Fish oil is not a new drug. But PISCES is a reminder that context changes everything: the same molecule can be useless for one person and life-saving for another.

Frequently Asked Questions

Does this mean everyone should take fish oil?

No. PISCES studied hemodialysis patients — a group with extremely low omega-3 levels and catastrophic cardiovascular risk. The largest trial in healthy adults (VITAL, 25,871 participants) showed no significant reduction in cardiac events at the standard 1 g/day dose.

What dose was used?

Four grams of fish oil daily, delivering 1.6 g EPA and 0.8 g DHA — about 5 to 8 times more omega-3 than a standard over-the-counter capsule. The lead investigator explicitly stated that results from drugstore supplements may differ.

Why was the effect so large in dialysis patients?

Dialysis patients have some of the lowest circulating EPA and DHA levels ever documented. Uremia impairs omega-3 metabolism, and dietary restrictions limit fish intake. When the baseline is at rock-bottom, supplementation delivers the maximum impact — like watering a parched plant versus one that is already moist.

Doesn’t fish oil thin the blood dangerously?
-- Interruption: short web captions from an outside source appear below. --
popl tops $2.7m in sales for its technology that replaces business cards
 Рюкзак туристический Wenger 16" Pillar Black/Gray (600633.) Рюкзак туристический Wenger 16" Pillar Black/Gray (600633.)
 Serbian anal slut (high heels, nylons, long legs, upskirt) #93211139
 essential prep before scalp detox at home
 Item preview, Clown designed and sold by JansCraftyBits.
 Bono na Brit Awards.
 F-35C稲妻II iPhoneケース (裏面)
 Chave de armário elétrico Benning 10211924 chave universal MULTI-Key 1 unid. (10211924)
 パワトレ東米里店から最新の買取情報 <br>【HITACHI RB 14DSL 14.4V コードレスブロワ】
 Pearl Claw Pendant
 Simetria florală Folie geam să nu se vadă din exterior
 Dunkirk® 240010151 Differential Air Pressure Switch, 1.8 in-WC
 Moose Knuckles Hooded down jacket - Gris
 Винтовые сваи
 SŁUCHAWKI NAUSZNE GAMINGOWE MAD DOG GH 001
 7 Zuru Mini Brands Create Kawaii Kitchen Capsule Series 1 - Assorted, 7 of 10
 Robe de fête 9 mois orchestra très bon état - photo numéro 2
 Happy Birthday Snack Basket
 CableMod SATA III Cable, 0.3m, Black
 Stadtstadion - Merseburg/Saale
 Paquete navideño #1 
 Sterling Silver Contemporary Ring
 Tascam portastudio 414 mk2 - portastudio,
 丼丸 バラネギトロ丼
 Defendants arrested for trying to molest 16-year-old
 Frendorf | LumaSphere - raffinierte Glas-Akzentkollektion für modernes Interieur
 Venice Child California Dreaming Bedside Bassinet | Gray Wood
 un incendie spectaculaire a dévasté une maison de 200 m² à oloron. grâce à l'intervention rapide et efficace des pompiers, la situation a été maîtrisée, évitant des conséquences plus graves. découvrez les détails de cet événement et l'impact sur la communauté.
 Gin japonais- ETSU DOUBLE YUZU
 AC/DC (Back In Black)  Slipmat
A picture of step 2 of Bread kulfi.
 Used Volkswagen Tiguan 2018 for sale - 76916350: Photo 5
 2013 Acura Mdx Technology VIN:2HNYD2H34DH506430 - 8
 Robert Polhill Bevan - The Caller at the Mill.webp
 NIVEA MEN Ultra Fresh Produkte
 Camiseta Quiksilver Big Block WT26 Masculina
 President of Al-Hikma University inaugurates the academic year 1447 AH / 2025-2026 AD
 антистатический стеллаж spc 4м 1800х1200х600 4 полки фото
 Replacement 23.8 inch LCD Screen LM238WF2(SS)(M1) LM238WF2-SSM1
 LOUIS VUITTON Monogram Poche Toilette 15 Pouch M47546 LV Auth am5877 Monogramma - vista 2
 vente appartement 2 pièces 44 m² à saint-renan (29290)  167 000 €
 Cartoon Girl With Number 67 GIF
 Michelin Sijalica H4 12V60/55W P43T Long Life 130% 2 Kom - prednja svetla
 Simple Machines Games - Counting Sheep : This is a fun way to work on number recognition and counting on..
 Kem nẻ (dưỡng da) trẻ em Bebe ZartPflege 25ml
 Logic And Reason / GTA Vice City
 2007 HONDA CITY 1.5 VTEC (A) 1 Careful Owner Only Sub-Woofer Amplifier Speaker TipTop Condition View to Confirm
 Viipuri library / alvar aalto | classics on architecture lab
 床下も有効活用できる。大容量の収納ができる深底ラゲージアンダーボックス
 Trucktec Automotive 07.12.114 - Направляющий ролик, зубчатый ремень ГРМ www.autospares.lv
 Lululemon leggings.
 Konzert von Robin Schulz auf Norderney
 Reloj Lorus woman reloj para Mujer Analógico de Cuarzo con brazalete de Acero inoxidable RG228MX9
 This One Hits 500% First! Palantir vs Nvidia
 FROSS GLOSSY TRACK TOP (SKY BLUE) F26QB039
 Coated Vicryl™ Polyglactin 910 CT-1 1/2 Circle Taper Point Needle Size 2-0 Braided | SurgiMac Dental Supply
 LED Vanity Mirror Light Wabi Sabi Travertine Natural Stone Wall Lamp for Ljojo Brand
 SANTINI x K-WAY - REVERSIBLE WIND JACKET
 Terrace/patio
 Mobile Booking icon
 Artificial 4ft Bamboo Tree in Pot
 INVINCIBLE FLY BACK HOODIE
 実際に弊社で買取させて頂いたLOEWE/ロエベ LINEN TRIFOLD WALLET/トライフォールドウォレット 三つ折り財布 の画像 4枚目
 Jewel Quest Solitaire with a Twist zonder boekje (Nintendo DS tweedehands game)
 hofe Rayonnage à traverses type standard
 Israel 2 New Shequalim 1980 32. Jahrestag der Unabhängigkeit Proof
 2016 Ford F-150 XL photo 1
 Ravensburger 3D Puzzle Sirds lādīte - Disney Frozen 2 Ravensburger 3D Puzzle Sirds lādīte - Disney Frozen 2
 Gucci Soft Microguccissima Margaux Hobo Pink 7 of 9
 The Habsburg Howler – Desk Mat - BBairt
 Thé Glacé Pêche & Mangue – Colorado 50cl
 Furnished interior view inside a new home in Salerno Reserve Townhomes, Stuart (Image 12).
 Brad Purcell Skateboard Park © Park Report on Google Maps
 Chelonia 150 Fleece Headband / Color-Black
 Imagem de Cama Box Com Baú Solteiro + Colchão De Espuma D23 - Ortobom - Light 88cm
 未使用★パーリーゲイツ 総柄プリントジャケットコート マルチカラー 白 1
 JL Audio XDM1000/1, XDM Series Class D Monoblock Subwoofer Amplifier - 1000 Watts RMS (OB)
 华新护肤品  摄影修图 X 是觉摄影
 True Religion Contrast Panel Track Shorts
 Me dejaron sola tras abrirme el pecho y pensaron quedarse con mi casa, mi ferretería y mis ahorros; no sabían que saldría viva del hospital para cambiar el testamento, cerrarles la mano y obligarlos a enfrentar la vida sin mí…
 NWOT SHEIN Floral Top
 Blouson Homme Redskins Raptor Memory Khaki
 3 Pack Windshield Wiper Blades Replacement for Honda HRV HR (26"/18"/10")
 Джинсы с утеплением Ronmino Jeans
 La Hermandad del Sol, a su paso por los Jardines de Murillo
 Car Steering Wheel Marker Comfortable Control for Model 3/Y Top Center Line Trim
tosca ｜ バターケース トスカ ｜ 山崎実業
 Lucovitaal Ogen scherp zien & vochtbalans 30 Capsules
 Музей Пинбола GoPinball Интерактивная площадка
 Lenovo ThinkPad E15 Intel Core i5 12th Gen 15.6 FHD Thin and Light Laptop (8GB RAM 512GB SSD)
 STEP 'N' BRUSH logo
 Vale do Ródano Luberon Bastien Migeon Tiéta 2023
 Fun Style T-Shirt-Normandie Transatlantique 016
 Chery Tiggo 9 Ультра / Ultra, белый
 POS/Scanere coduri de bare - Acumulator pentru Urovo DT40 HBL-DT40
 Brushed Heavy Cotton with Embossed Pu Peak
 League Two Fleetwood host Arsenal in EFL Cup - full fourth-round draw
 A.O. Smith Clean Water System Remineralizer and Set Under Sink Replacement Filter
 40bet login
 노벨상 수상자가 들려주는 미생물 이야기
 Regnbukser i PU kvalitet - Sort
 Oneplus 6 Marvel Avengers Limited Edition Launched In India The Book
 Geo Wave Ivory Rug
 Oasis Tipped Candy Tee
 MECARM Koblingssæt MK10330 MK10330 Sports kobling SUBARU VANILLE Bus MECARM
Paradoxically, the PISCES fish oil group had fewer bleeding events (4.8% vs 7,6%). This is counterintuitive and needs further study. If you take anticoagulants, always consult your physician before adding high-dose omega-3.

When will a confirmatory trial happen?

As of March 2026, no replication study has been announced. Given the scale of the debate and the NEJM response, major nephrology centers are likely to begin planning within months.